This can be a dangerous attitude to carry across into the business world, where companies often seem preoccupied with attracting a diminishing and fickle youth audience while loyal older customers are ignored. This article identifies this misapprehension as one of the factors behind the fall of Silicon Valley Bank:
When releasing its annual State of the Wine Industry report for 2023 (as well as lending to tech start-ups, it also had a premium wine lending arm), it came to the conclusion that the future of the wine sector depended on bringing a new generation of young drinkers into the category.
This was the wrong decision again by SVB. The reality is that great swathes of young people don’t touch wine, and they never have done. Consider that as many as 35% of people in their 20s don’t drink vino at all, whereas in contrast, the majority of wine is consumed by the over-40s. What actually happens is that many of these younger drinkers ultimately move over into the wine-drinking camp as they get older, and possibly more discerning with their alcohol choices.
The same seems to happen on a regular cycle with trying to attract younger drinkers to cask beer. However, the main thrust of Glynn Davis’ article is how this attitude applies to the pub trade. Increasingly, the over-45s are the people with both the time and money to spend in pubs, but when they do cross the threshold they encounter a variety of factors that make them feel ill at ease.
Meanwhile, 25% of the population is sitting pretty. These are aged over 45, largely mortgage-free and living rather comfortably, with plenty of disposable income. But they have moderated their behaviour in line with the rest of the country and reduced their frequency of visits to pubs, bars and restaurants.The volume of music in pubs is a perennial complaint. Regardless of what genre it is, if it’s too loud to sustain a conversation many people are simply not going to want to stay. I remember on our trip to Shifnal in 2019 going in the Crown in mid-afternoon and being regaled by the greatest hits of Pink at absolutely earsplitting volume. There were very few other customers, none of them particularly young, and I’m really not sure for whose benefit it was being played. As I said, “It wasn’t surprising that this was by some way the least busy of all the pubs we visited.”
Drawing these people out of their homes more often must surely represent a major opportunity for the hospitality industry? They need to be given more confidence, and reasons, to get spending again, and this could involve some really simple things like increasing the print size of menus, adjusting the lighting and addressing one of the biggest bugbears of older customers – the high volume of music in many venues.

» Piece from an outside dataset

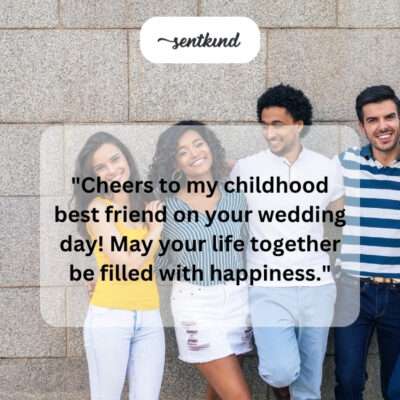 A person smiles warmly at their childhood best friend, now a bride or groom, during a wedding celebration, conveying deep affection.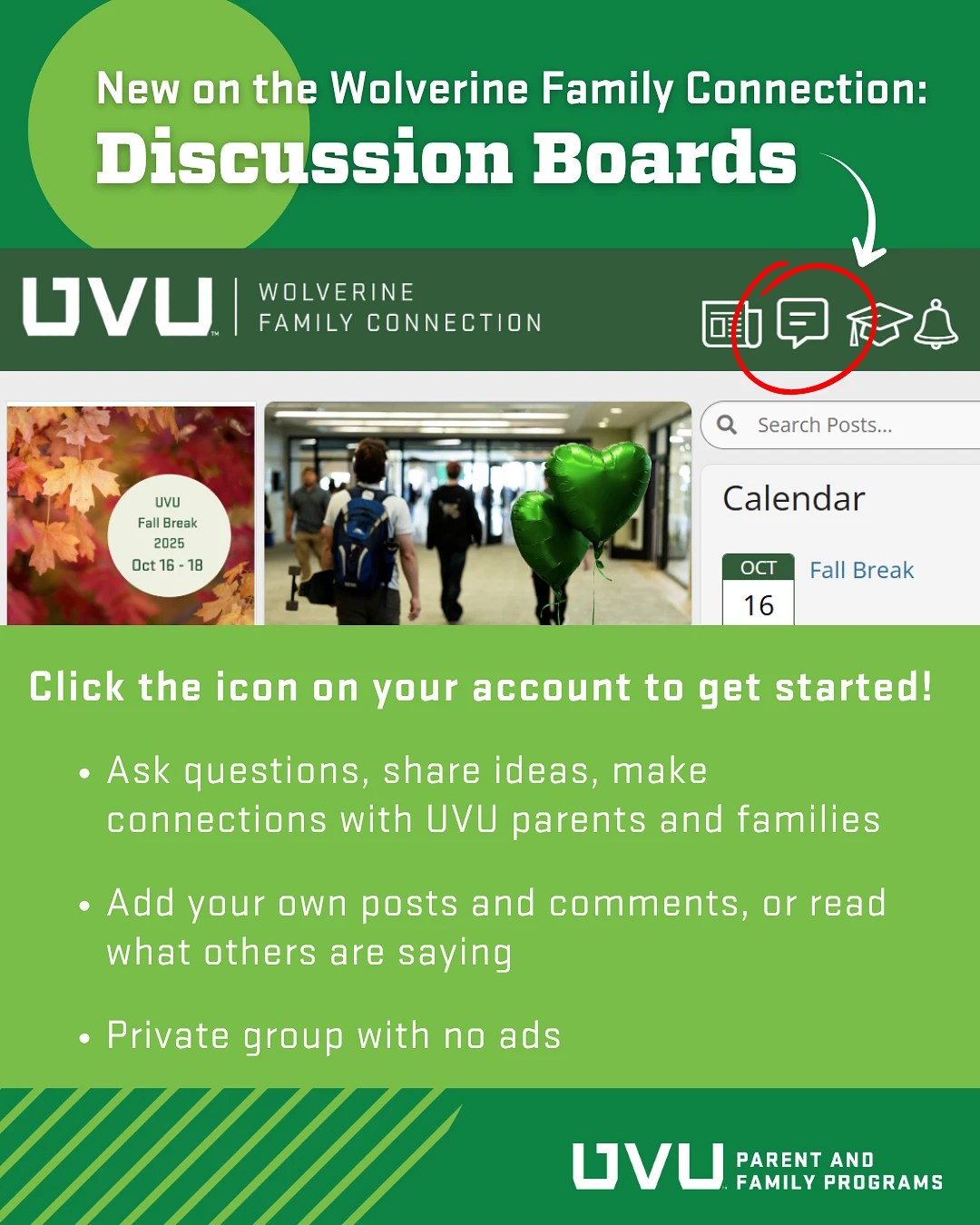 The image promotes new discussion boards on the Wolverine Family Connection, encouraging UVU parents and families to connect and share ideas.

The choice of music is also an important factor. It has to be remembered that the older generation are people who have lived through the Summer of Love, punk and rave culture, and so don’t necessarily want to be given the musical equivalent of a pipe and slippers. They are people who will still put School’s Out, Back in Black and Smells Like Teen Spirit on the jukebox. There is a tendency to believe a pub appealing to a more mature clientele should offer a mixture of bland easy listening and songs from the shows, which can be very wide of the mark.
From the Beatles to the Britpop era, the popular music of the day was part of the general public consciousness. But, in the present century, the fragmentation of media and the growth of streaming has greatly undermined this, and so if a pub plays contemporary pop it will to a large extent fall on deaf ears. And a crucial factor is that music should always be selected to suit the tastes of the customers, not the bar staff.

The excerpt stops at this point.